Spark on MaxCompute supports three running modes: local, cluster, and DataWorks.

Local mode

The local mode is used to facilitate code debugging for applications. In local mode, you can use Spark on MaxCompute the same way as native Spark in the community. You can also use Tunnel to read data from and write data to MaxCompute tables. In this mode, you can use an integrated development environment (IDE) or command lines to run Spark on MaxCompute. If you use this mode, you must add the spark.master=local[N] configuration. N indicates the number of CPUs required for this mode.

In local mode, Tunnel is used to read data from and write data to tables. Therefore, you must add the Tunnel configuration item to the spark-defaults.conf file to read and write data in this mode. You must specify the endpoint based on the region where the MaxCompute project is located and network environment. For more information about how to obtain the endpoint, see Configure endpoints. The following code provides an example on how to use command lines to run Spark on MaxCompute in this mode:
# /path/to/MaxCompute-Spark: the path where the compiled application JAR package is saved.
cd $SPARK_HOME
bin/spark-submit --master local[4] --class com.aliyun.odps.spark.examples.SparkPi \
/path/to/MaxCompute-Spark/spark-2.x/target/spark-examples_2.11-1.0.0-SNAPSHOT-shaded.jar

Cluster mode

In cluster mode, you must specify the Main method as the entry point of a custom application. A Spark job ends when Main succeeds or fails. This mode is suitable for offline jobs. You can use Spark on MaxCompute in this mode together with DataWorks to schedule jobs. The following code provides an example on how to use command lines to run Spark on MaxCompute in this mode:
# /path/to/MaxCompute-Spark: the path where the compiled application JAR package is saved.
cd $SPARK_HOME
bin/spark-submit --master yarn-cluster --class com.aliyun.odps.spark.examples.SparkPi \
/path/to/MaxCompute-Spark/spark-2.x/target/spark-examples_2.11-1.0.0-SNAPSHOT-shaded.jar

DataWorks mode

You can run offline jobs of Spark on MaxCompute in cluster mode in DataWorks to integrate and schedule the other types of nodes.
Note DataWorks supports the Spark node in the following regions: China (Hangzhou), China (Beijing), China (Shanghai), China (Shenzhen), China (Hong Kong), US (Silicon Valley), Germany (Frankfurt), India (Mumbai), and Singapore (Singapore).
Procedure:
  1. Upload the required resource in the DataWorks business flow and click the Submit icon.

    The resource that is uploaded appears in the navigation tree.

  2. In the created business flow, select ODPS Spark from Data Analytics.
  3. Double-click the ODPS Spark node and configure the parameters for the Spark job.Each of the Spark Version and Language parameters has two options for the ODPS Spark node. The other parameters that you need to configure vary based on the Language parameter. You can configure the parameters as prompted. For more information, see Create an ODPS Spark node.
    • Main JAR Resource: the resource file used by the job. You must upload the resource file to DataWorks before you perform this operation.
    • Configuration Items: the configuration items for you to submit the job.

      You do not need to configure spark.hadoop.odps.access.id, spark.hadoop.odps.access.key, and spark.hadoop.odps.end.point. By default, the values of these configuration items are the same as those of the MaxCompute protect. You can also explicitly specify these configuration items to overwrite their default values.

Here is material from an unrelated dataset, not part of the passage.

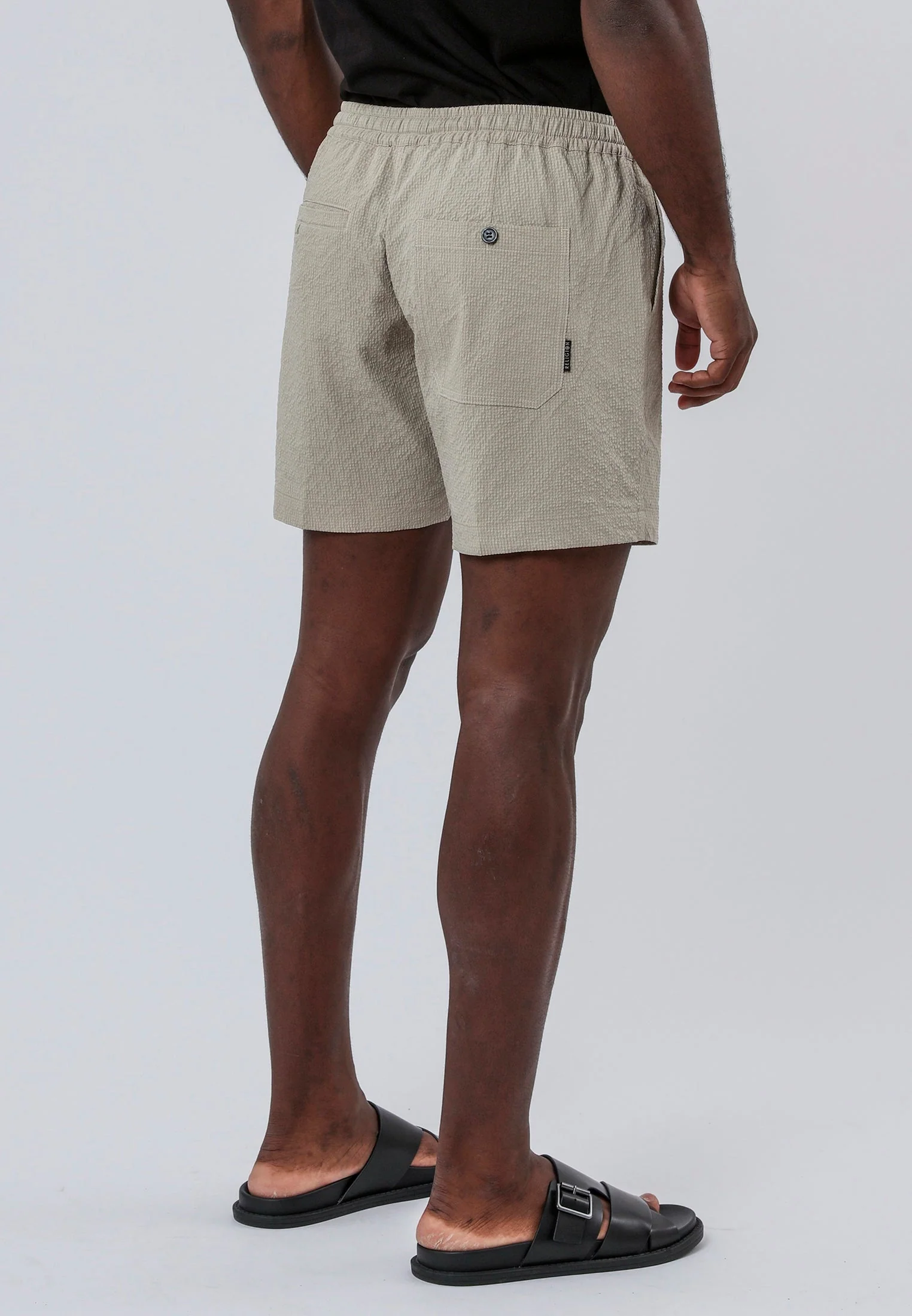 MONACO ELASTICATED CHINO HOLIDAY SHORTS SHELL - Image 5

      You must add configurations in the spark-default.conf file to the configuration items of the ODPS Spark node one by one. The configurations include the number of executors, memory size, and spark.hadoop.odps.runtime.end.point.

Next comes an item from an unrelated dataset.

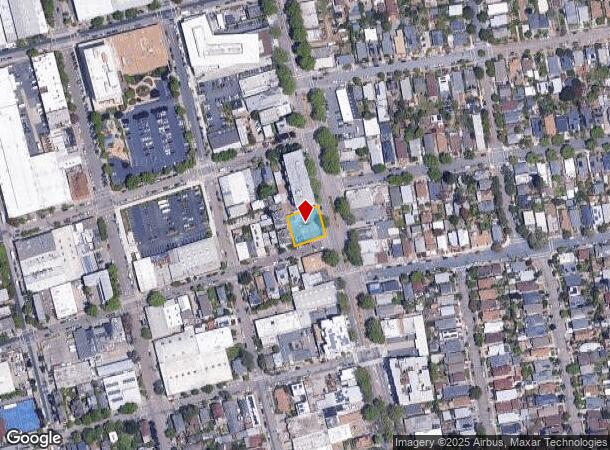 2720 San Pablo Ave, Berkeley, CA Parcel Map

      The resource file and configuration items of the ODPS Spark node map the parameters and items of the spark-submit command, as described in the following table. You do not need to upload the spark-defaults.conf file. Instead, you must add the configurations in the spark-defaults.conf file to the configuration items of the ODPS Spark node one by one.
      ODPS Spark node spark-submit
      Main JAR Resource and Main Python Resource app jar or python file
      Configuration Items --conf PROP=VALUE
      Main Class --class CLASS_NAME
      Arguments [app arguments]
      JAR Resources --jars JARS
      Python Resources --py-files PY_FILES
      File Resources --files FILES
      Archive Resources --archives ARCHIVES
  4. Manually run the ODPS Spark node to view the operational logs of the job and obtain the URLs of Logview and Jobview from the logs for further analysis and diagnosis.

    After the Spark job is defined, orchestrate and schedule services of different types in the business flow if required.